Die Antragsteller erzielen seit dem 01.02.2010 konstante monatliche Einkünfte in Höhe von 1.690,24 EUR netto (694,26 EUR Nettoverdienst der Antragstellerin aus ihrer Tätigkeit als Verkäuferin und 995,98 EUR Netto-Betriebsrente des Antragstellers von seinem früheren Arbeitgeber), welche ihren Bedarf übersteigen. Angesichts des im vorliegenden Verfahren des einstweiligen Rechtsschutzes streitigen Gesamtbetrages von 2.063,70 EUR geht der Senat davon aus, dass insofern auch inzwischen finanzieller Spielraum der Antragsteller vorhanden ist, der ihnen eine - ggf. ratenweise - eigenständige Rückführung ihrer Mietschulden ermöglicht.

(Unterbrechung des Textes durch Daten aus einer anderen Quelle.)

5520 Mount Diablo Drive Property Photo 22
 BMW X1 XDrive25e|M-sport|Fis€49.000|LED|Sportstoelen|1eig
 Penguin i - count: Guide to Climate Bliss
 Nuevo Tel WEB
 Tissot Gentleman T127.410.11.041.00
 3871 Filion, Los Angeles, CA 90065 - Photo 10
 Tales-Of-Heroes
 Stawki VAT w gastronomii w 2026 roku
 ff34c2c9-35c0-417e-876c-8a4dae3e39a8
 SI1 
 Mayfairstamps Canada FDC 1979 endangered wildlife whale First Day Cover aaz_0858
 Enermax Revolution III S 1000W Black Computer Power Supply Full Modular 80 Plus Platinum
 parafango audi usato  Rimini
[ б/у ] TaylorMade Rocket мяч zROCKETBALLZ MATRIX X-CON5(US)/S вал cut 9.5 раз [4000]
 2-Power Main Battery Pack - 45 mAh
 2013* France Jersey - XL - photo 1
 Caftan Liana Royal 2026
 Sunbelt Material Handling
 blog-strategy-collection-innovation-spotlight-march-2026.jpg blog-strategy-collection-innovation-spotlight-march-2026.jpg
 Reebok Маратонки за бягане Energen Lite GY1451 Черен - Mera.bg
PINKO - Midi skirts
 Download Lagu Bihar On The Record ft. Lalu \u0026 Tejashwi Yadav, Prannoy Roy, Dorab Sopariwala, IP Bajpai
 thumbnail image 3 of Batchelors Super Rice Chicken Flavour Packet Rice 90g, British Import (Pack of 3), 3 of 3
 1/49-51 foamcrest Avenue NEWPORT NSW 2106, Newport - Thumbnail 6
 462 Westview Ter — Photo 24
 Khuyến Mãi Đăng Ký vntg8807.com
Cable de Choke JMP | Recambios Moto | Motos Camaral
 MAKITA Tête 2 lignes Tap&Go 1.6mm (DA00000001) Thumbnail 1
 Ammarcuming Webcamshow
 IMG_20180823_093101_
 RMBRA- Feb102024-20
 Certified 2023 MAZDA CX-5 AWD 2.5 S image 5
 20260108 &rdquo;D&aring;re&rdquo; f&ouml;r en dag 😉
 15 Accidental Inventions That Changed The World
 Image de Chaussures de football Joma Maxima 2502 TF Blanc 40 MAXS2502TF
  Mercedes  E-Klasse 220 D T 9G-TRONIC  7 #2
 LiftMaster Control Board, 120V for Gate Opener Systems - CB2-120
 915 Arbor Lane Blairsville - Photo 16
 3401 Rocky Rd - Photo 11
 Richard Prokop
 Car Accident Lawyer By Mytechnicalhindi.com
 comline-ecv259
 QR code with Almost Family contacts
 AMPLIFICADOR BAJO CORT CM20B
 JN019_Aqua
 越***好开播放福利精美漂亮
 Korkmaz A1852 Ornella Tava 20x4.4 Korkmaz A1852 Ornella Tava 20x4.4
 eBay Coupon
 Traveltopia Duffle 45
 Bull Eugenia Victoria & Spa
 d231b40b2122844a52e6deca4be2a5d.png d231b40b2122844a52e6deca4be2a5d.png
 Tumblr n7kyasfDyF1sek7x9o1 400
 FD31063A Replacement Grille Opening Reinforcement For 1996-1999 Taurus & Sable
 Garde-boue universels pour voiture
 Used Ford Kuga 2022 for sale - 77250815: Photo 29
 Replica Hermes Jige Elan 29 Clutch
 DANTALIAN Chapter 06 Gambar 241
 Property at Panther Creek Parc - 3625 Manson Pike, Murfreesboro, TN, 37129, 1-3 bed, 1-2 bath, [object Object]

Sofern die Antragsteller zuletzt (Schriftsatz des Bevollmächtigten vom 18.05.2010) vorgetragen haben, sie hätten sich über den Umfang und die Art der gewerblichen Nutzung eines Teils ihrer Wohnung geirrt, kann dies zu keiner anderen rechtlichen Beurteilung führen. Auch unter Berücksichtigung dieses Vortrags ist ein Anordnungsgrund für in der Vergangenheit liegende Zeiträume nicht ersichtlich.

Die Kostenentscheidung beruht auf § 193 SGG in entsprechender Anwendung.

Wegen der fehlenden hinreichenden Erfolgsaussicht war auch die Bewilligung von Prozesskostenhilfe abzulehnen, §§ 73a SGG, 114 ff. ZPO

Dieser Beschluss ist unanfechtbar, § 177 SGG.